28/10/11 - Droit Public

Le Conseil d’Etat vient de préciser de quelle façon s’articulent les dispositions des articles L. 121-8 du code de l’urbanisme, prévoyant le retour au document d’urbanisme immédiatement antérieur en cas d’annulation juridictionnelle ou de déclaration d’illégalité, et L. 600-1 du même code, selon lesquelles l’illégalité pour vice de forme ou de procédure ne peut plus être  invoquée par voie d’exception passé 6 mois après la prise d’effet de l’acte.

Pour le Conseil d’Etat, « la déclaration d’illégalité par le juge administratif d’un schéma directeur, d’un plan d’occupation des sols ou d’un document d’urbanisme en tenant lieu a pour effet, au même titre qu’une annulation contentieuse, de remettre en vigueur le document d’urbanisme en tenant lieu immédiatement antérieur et, à défaut, les dispositions du code de l’urbanisme. »

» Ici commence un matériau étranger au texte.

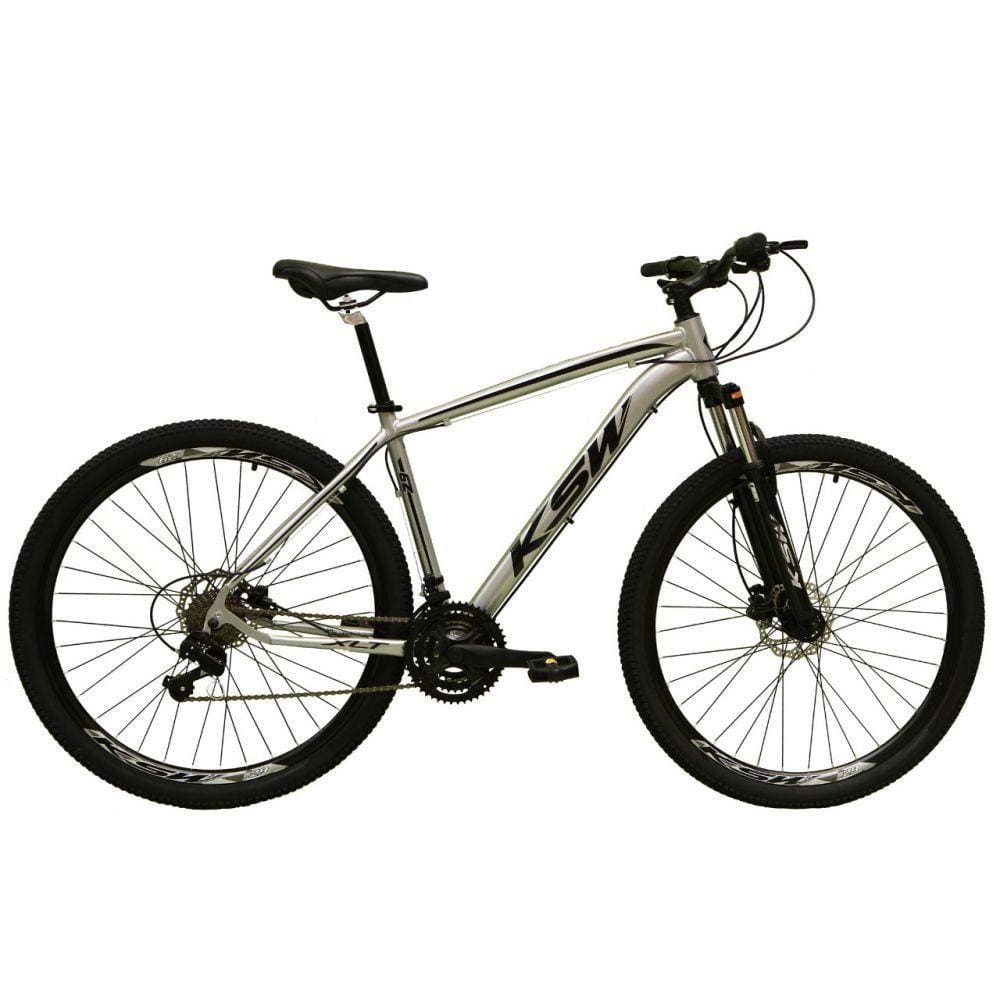 Bicicleta Aro 29 27v Freio Hidráulico K7 Prata Preto Tam. 15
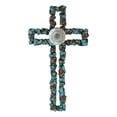 thumbnail image 2 of Rustic Southwestern Crackled Turquoise Rocks And Western Concho Wall Cross Decor, 2 of 6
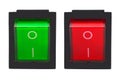 Red and green button on white background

Et cette remise en vigueur de la règle antérieure est valable erga omnes, le Juge administratif indiquant que « ces dispositions dérogent ainsi, dans les limites qu’elles fixent, au principe de l’autorité relative de la déclaration d’illégalité d’un acte administratif prononcée par le juge administratif. »

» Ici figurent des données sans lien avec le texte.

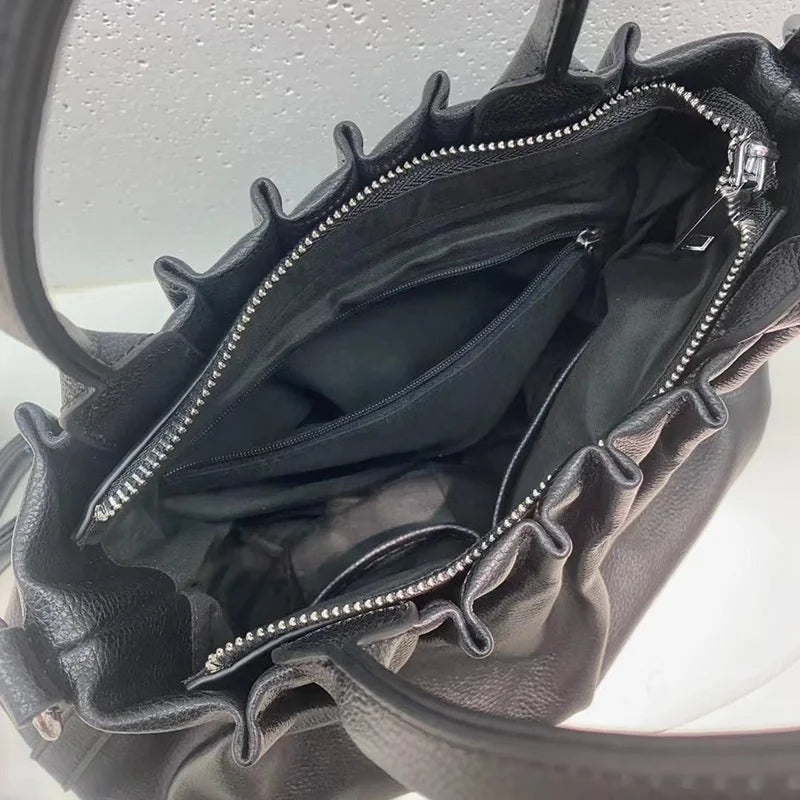 Women Pleated Bucket Handbag Casual Shoulder Messenger Bag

Par voie de conséquence, « si le maire est [normalement]  tenu, lorsqu’il statue sur une demande d’autorisation après l’expiration d’un délai de six mois à compter de la prise d’effet du document d’urbanisme, de se fonder sur ce document dès lors que sa légalité ne serait affectée que par des vices de procédure ou de forme », un jugement déclarant un document d’urbanisme illégal impose dans tous les cas un retour à la règle antérieure, quand bien même la déclaration d’illégalité procéderait-elle d’un vice de procédure ou de forme (Conseil d’Etat, 10 octobre 2011, Commune de Ramatuelle, n°329623).